*** DATA FOR REVIEW Section Begins ***

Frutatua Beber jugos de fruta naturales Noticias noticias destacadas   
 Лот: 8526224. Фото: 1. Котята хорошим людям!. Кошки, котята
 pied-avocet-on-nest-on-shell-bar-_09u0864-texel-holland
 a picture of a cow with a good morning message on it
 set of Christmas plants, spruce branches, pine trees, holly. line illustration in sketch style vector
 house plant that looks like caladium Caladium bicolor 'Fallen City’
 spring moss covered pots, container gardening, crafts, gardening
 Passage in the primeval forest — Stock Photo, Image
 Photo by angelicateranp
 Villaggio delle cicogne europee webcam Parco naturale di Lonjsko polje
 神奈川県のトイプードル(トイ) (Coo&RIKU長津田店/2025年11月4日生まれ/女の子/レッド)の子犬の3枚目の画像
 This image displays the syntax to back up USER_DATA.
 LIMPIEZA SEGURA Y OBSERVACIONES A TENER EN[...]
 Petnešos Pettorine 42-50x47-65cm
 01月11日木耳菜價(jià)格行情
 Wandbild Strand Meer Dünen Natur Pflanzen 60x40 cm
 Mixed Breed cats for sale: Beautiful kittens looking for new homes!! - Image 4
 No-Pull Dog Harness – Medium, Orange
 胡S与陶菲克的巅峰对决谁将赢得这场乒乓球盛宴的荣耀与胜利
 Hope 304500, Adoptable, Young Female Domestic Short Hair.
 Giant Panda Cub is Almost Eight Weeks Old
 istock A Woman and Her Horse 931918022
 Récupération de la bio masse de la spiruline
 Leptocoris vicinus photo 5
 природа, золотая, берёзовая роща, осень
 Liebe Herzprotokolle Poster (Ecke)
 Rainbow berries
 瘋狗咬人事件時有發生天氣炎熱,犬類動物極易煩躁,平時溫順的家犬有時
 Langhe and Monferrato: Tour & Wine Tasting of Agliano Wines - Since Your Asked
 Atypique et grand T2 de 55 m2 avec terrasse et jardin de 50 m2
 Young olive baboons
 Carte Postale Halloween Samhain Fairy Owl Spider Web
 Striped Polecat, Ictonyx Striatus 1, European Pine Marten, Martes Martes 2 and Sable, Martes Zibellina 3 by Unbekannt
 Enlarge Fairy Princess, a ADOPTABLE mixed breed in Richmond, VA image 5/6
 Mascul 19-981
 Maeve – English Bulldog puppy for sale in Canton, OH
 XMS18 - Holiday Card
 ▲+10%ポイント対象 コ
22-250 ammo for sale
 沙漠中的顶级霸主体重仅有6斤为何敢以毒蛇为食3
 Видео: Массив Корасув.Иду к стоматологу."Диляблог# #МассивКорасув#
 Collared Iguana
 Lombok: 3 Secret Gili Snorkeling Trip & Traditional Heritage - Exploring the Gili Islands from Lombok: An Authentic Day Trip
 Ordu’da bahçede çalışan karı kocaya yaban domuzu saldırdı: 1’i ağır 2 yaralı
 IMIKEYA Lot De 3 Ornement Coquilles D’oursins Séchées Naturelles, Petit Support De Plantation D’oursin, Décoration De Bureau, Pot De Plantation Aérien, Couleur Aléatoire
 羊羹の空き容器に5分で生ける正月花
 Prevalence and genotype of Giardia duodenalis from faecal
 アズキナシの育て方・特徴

*** DATA FOR REVIEW Section Ends ***

Every entry shown above is to be written out exactly.

### ANSWER TO THE EXERCISE
Frutatua Beber jugos de fruta naturales Noticias noticias destacadas   
 Лот: 8526224. Фото: 1. Котята хорошим людям!. Кошки, котята
 pied-avocet-on-nest-on-shell-bar-_09u0864-texel-holland
 a picture of a cow with a good morning message on it
 set of Christmas plants, spruce branches, pine trees, holly. line illustration in sketch style vector
 house plant that looks like caladium Caladium bicolor 'Fallen City’
 spring moss covered pots, container gardening, crafts, gardening
 Passage in the primeval forest — Stock Photo, Image
 Photo by angelicateranp
 Villaggio delle cicogne europee webcam Parco naturale di Lonjsko polje
 神奈川県のトイプードル(トイ) (Coo&RIKU長津田店/2025年11月4日生まれ/女の子/レッド)の子犬の3枚目の画像
 This image displays the syntax to back up USER_DATA.
 LIMPIEZA SEGURA Y OBSERVACIONES A TENER EN[...]
 Petnešos Pettorine 42-50x47-65cm
 01月11日木耳菜價(jià)格行情
 Wandbild Strand Meer Dünen Natur Pflanzen 60x40 cm
 Mixed Breed cats for sale: Beautiful kittens looking for new homes!! - Image 4
 No-Pull Dog Harness – Medium, Orange
 胡S与陶菲克的巅峰对决谁将赢得这场乒乓球盛宴的荣耀与胜利
 Hope 304500, Adoptable, Young Female Domestic Short Hair.
 Giant Panda Cub is Almost Eight Weeks Old
 istock A Woman and Her Horse 931918022
 Récupération de la bio masse de la spiruline
 Leptocoris vicinus photo 5
 природа, золотая, берёзовая роща, осень
 Liebe Herzprotokolle Poster (Ecke)
 Rainbow berries
 瘋狗咬人事件時有發生天氣炎熱,犬類動物極易煩躁,平時溫順的家犬有時
 Langhe and Monferrato: Tour & Wine Tasting of Agliano Wines - Since Your Asked
 Atypique et grand T2 de 55 m2 avec terrasse et jardin de 50 m2
 Young olive baboons
 Carte Postale Halloween Samhain Fairy Owl Spider Web
 Striped Polecat, Ictonyx Striatus 1, European Pine Marten, Martes Martes 2 and Sable, Martes Zibellina 3 by Unbekannt
 Enlarge Fairy Princess, a ADOPTABLE mixed breed in Richmond, VA image 5/6
 Mascul 19-981
 Maeve – English Bulldog puppy for sale in Canton, OH
 XMS18 - Holiday Card
 ▲+10%ポイント対象 コ
22-250 ammo for sale
 沙漠中的顶级霸主体重仅有6斤为何敢以毒蛇为食3
 Видео: Массив Корасув.Иду к стоматологу."Диляблог# #МассивКорасув#
 Collared Iguana
 Lombok: 3 Secret Gili Snorkeling Trip & Traditional Heritage - Exploring the Gili Islands from Lombok: An Authentic Day Trip
 Ordu’da bahçede çalışan karı kocaya yaban domuzu saldırdı: 1’i ağır 2 yaralı
 IMIKEYA Lot De 3 Ornement Coquilles D’oursins Séchées Naturelles, Petit Support De Plantation D’oursin, Décoration De Bureau, Pot De Plantation Aérien, Couleur Aléatoire
 羊羹の空き容器に5分で生ける正月花
 Prevalence and genotype of Giardia duodenalis from faecal
 アズキナシの育て方・特徴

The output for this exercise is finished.